Counterintelligence agency of Venezuela

The General Directorate of Military Counterintelligence (Dirección General de Contrainteligencia Militar, DGCIM) is the military counterintelligence agency of Venezuela, whose function is to prevent intelligence or espionage internally and externally by military and civilians.

Following the Abduction of Nicolás Maduro, on 7 January 2026, acting President Delcy Rodríguez appointed Gustavo Enrique González López as the new Commander of the Presidential Honor Guard and Director General of the GDCIM, replacing Major General Javier Marcano Tábata.

==History==
The agency originates from the Armed Forces Intelligence Services (SIFA), which was signed into service on 30 August 1957.

In 1974, the agency changed its name to the Directorate of Military Intelligence (DIM). On 16 May 1977, the military organization changed its name to the Directorate General of Military Intelligence Sector (DGSIM) and then later changed the name of Directorate General of Military Intelligence (DGIM). Under these names, their operations functioned as military intelligence for the Venezuelan military.

On 21 July 2011, the organization changed its name to the Directorate General of Military Counterintelligence (DGCIM), whose function is no longer military intelligence but counterintelligence.
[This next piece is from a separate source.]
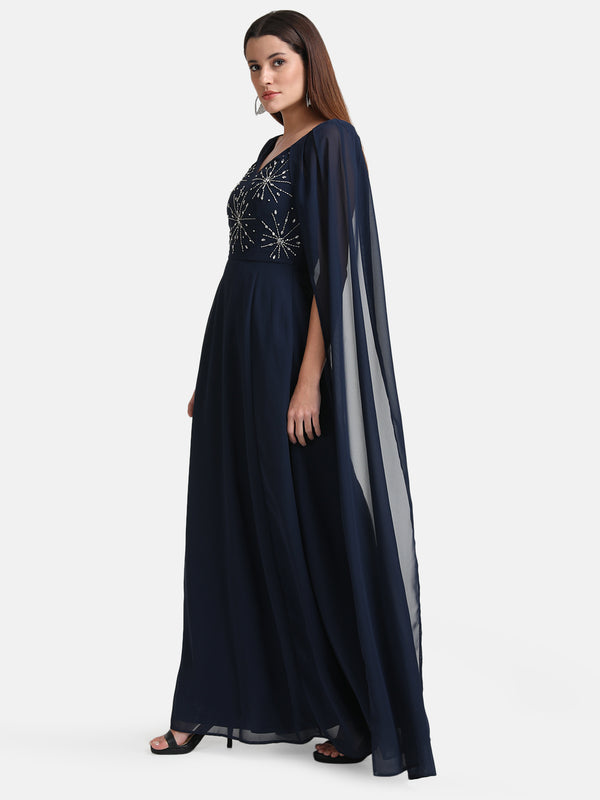 Embellished Cape Sleeve Maxi Dress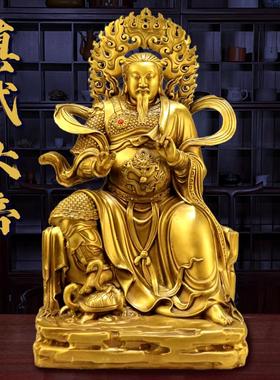 纯黄铜真武大帝玄武祖师铜像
Surgeon José Alberto Marulanda was arrested on 20 May 2018 by DGCIM officers, the day on which presidential elections were held in Venezuela. During his detention, Marulando was tortured by officials and beaten to the point of becoming deaf in his right ear and losing sensation in his hands. By November 2018, six months after his arrest, his hearing had been postponed six times.

The DGCIM has been targeted by US sanctions in 2019 after Venezuelan Navy Captain Rafael Acosta Arévalo died in DGCIM custody, accused of being involved in a coup plot.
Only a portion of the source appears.